Exercise directions ->
Keep every word the same. Repeat the records without their images.

Data to use ->
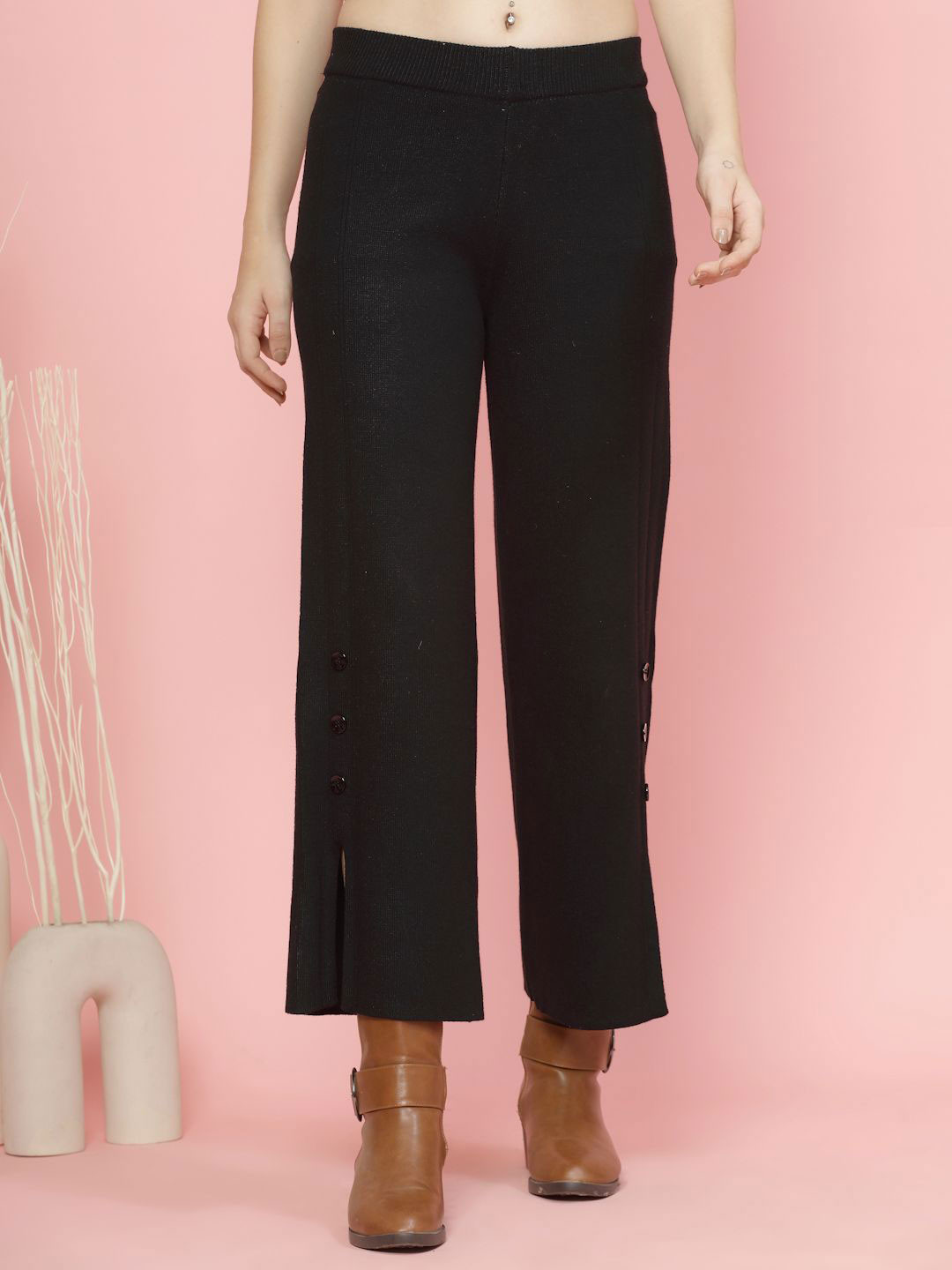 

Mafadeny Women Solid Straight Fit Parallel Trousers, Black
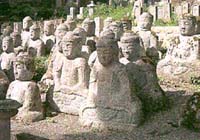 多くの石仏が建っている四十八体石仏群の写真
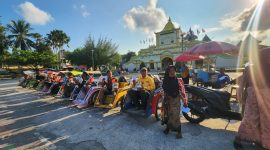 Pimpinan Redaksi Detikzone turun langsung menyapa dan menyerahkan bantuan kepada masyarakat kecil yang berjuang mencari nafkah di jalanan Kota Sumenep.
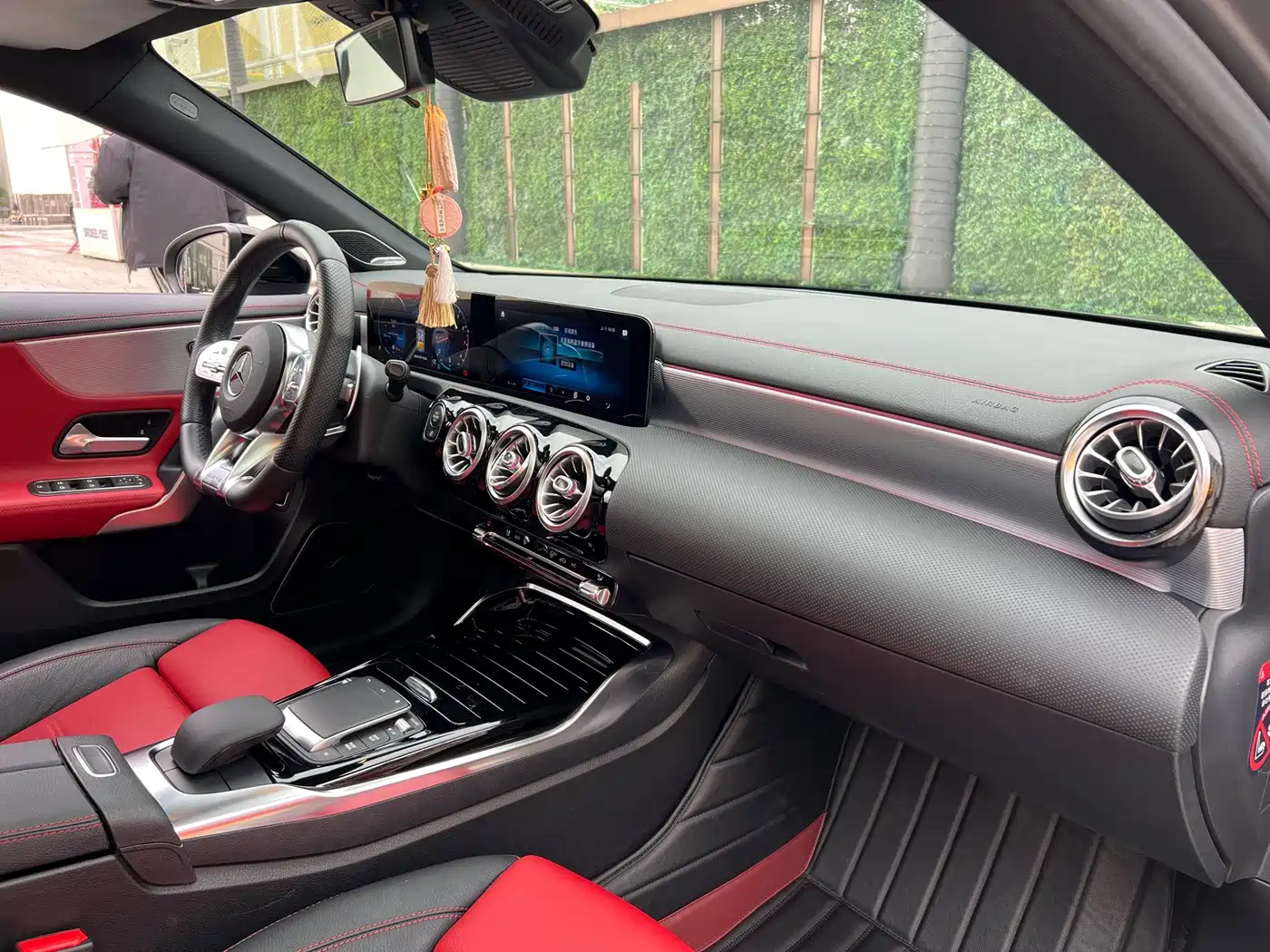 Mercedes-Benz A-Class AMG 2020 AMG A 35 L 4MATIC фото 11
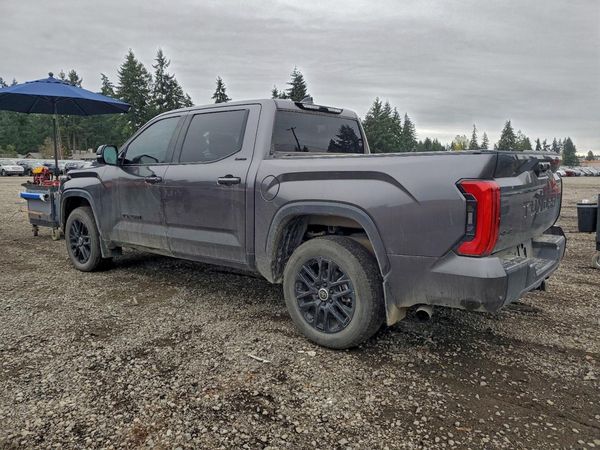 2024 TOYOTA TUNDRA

Task output ->
Mafadeny Women Solid Straight Fit Parallel Trousers, Black
 多くの石仏が建っている四十八体石仏群の写真
 Pimpinan Redaksi Detikzone turun langsung menyapa dan menyerahkan bantuan kepada masyarakat kecil yang berjuang mencari nafkah di jalanan Kota Sumenep.
 Mercedes-Benz A-Class AMG 2020 AMG A 35 L 4MATIC фото 11
 2024 TOYOTA TUNDRA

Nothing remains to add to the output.